WORK INSTRUCTIONS —
Exact wording is required for every entry; transcribe all of them and leave the images out.

══════════════════════════════

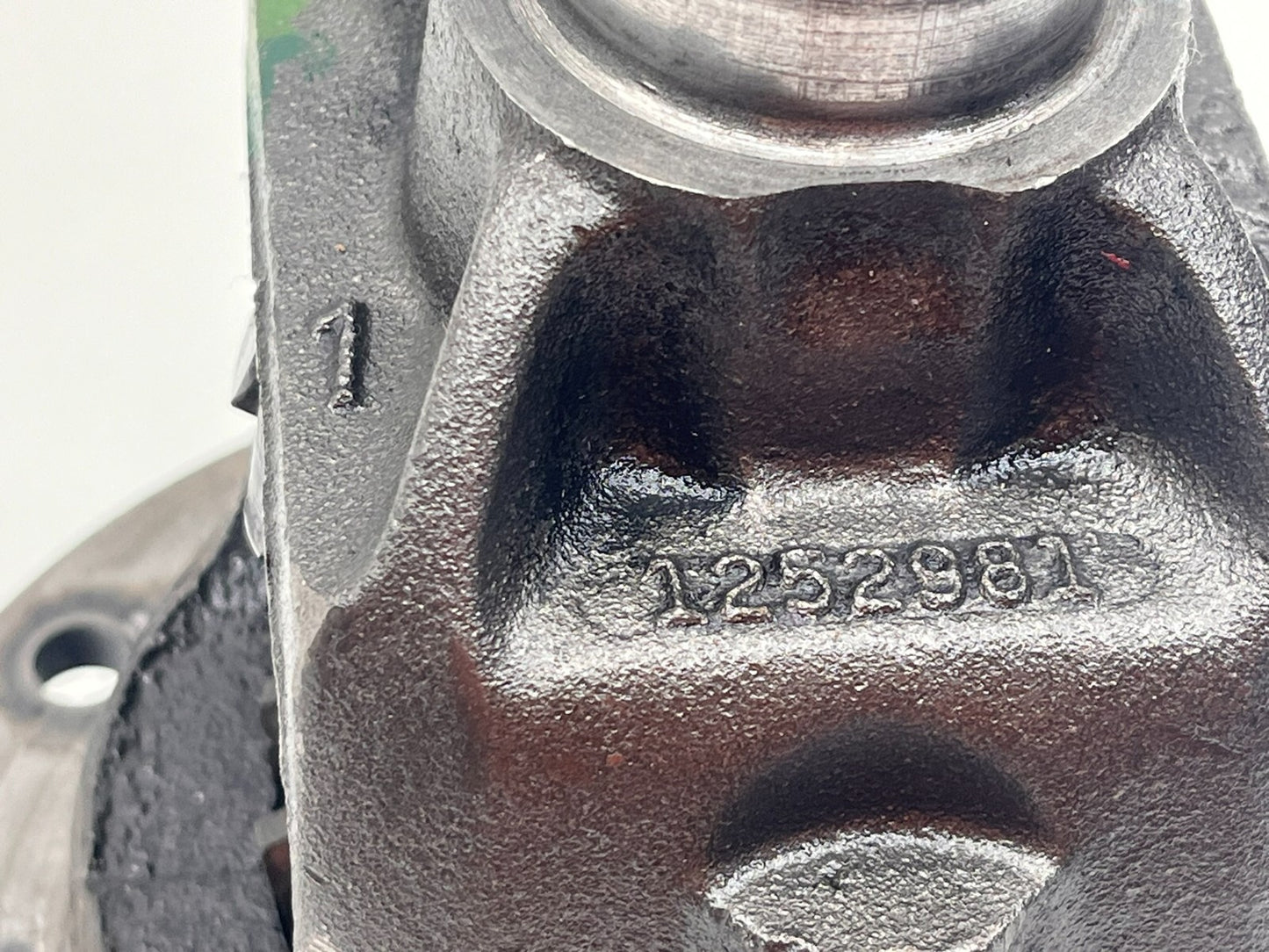 8126586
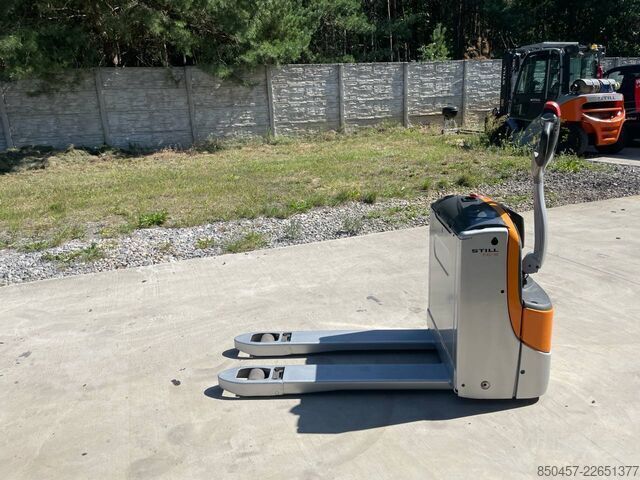 Electric Pallet Trucks Still EXU 16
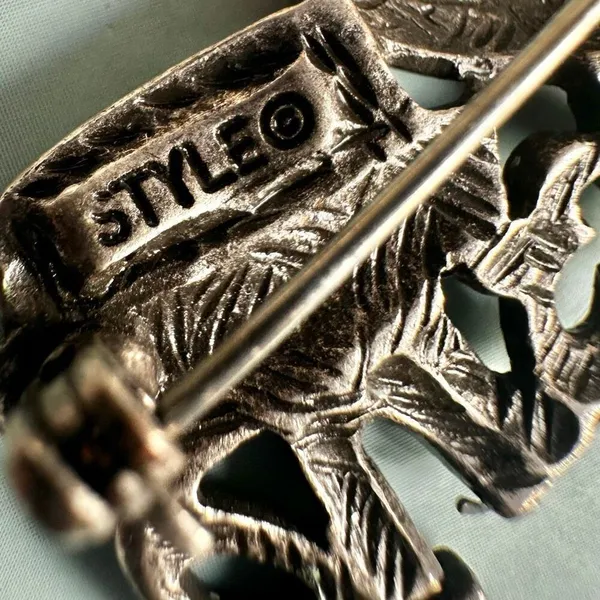 Style Vintage “I ❤️ Nursing” Brooch with Charms - Image 3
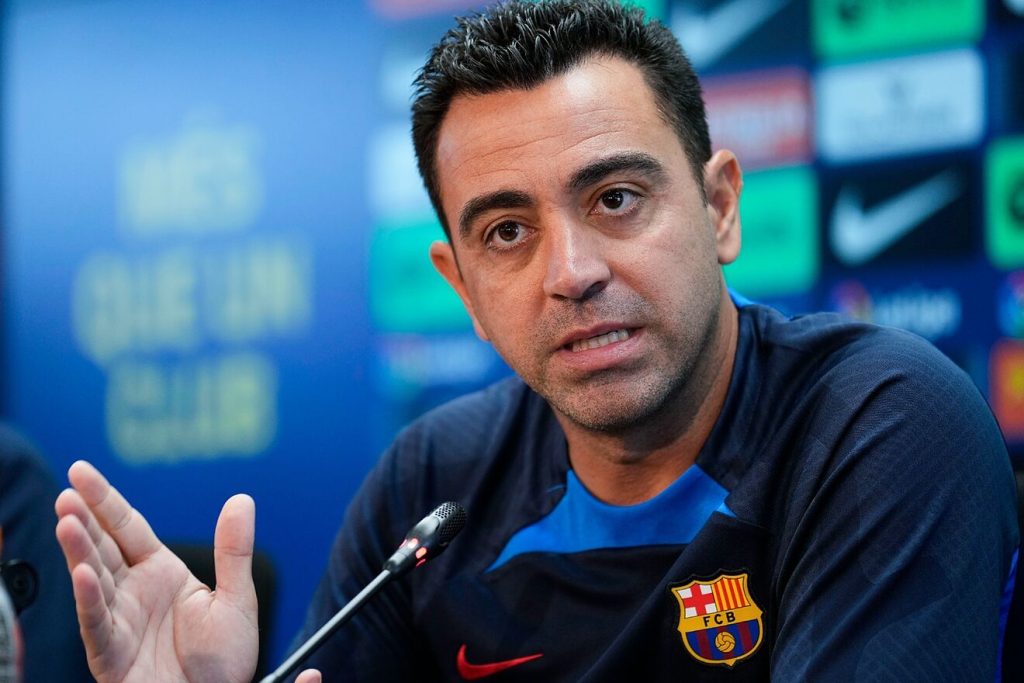 Xavi Hernández ya siente el peso de la condena
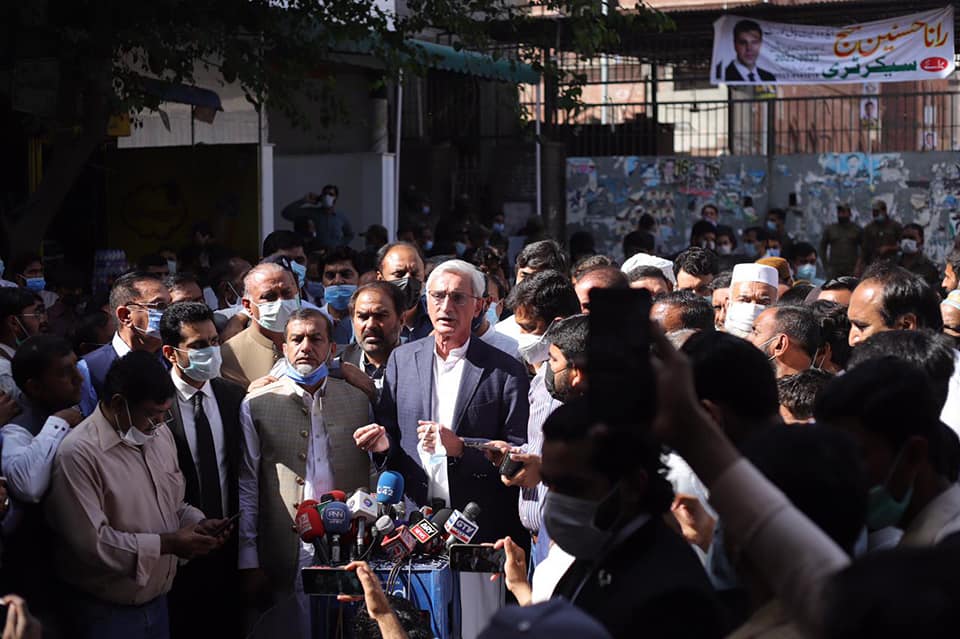 Tareen demands fair probe into FIA cases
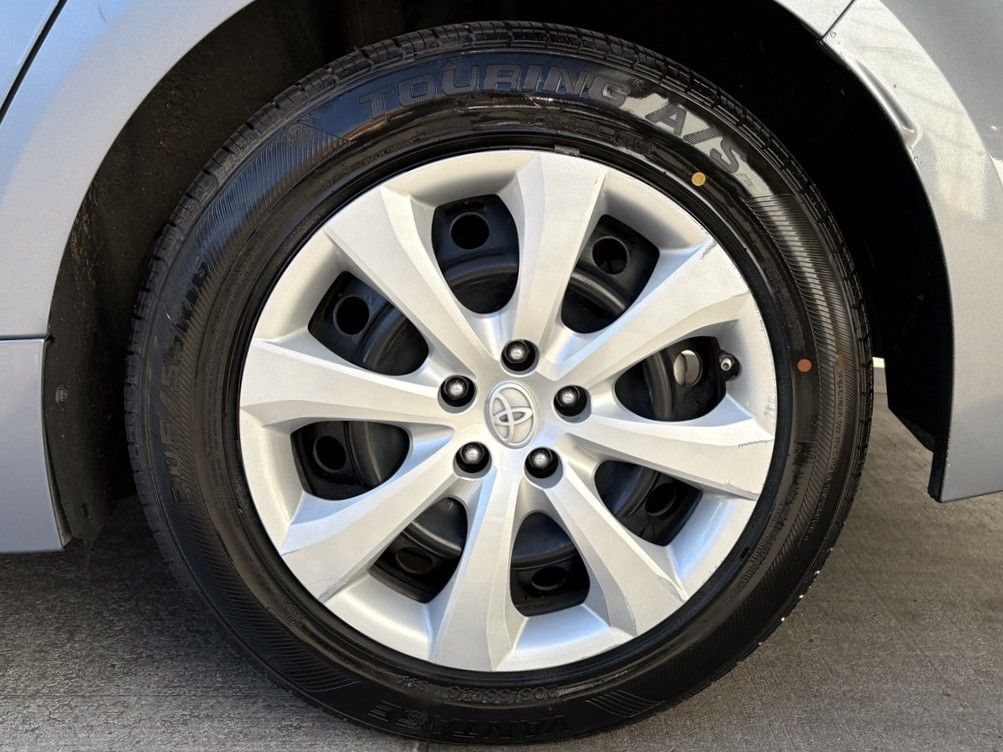 2021 Toyota Corolla LE photo 12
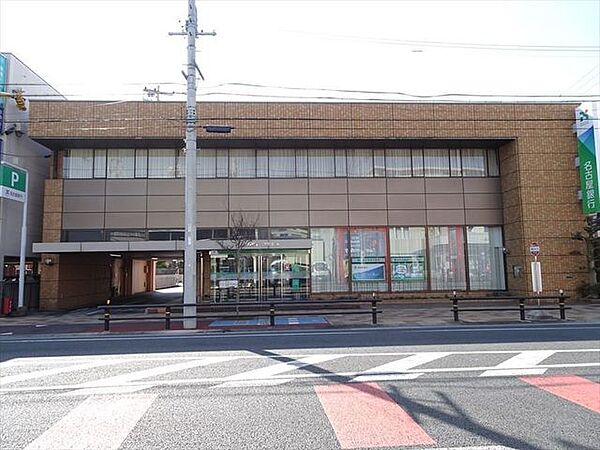 名古屋銀行　津島支店窓口営業時間：平日9時～15時　ATM利用時間：平日8時～21時 /土日祝8時～21時 340m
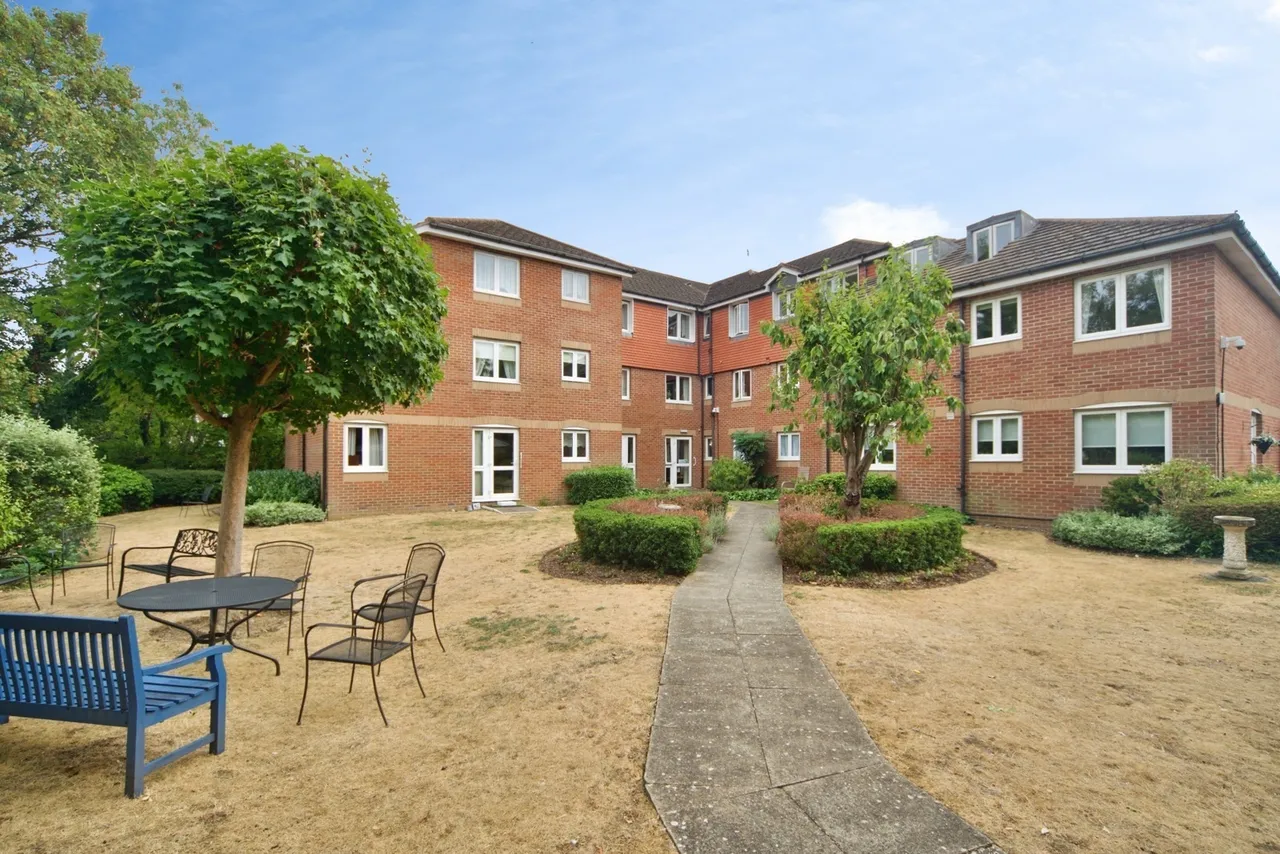 Hudsons Court, Darkes Lane, Potters Bar, Hertfordshire, EN6, photo 11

══════════════════════════════

RESPONSE AREA —
 8126586
 Electric Pallet Trucks Still EXU 16
 Style Vintage “I ❤️ Nursing” Brooch with Charms - Image 3
 Xavi Hernández ya siente el peso de la condena
 Tareen demands fair probe into FIA cases
 2021 Toyota Corolla LE photo 12
 名古屋銀行　津島支店窓口営業時間：平日9時～15時　ATM利用時間：平日8時～21時 /土日祝8時～21時 340m
 Hudsons Court, Darkes Lane, Potters Bar, Hertfordshire, EN6, photo 11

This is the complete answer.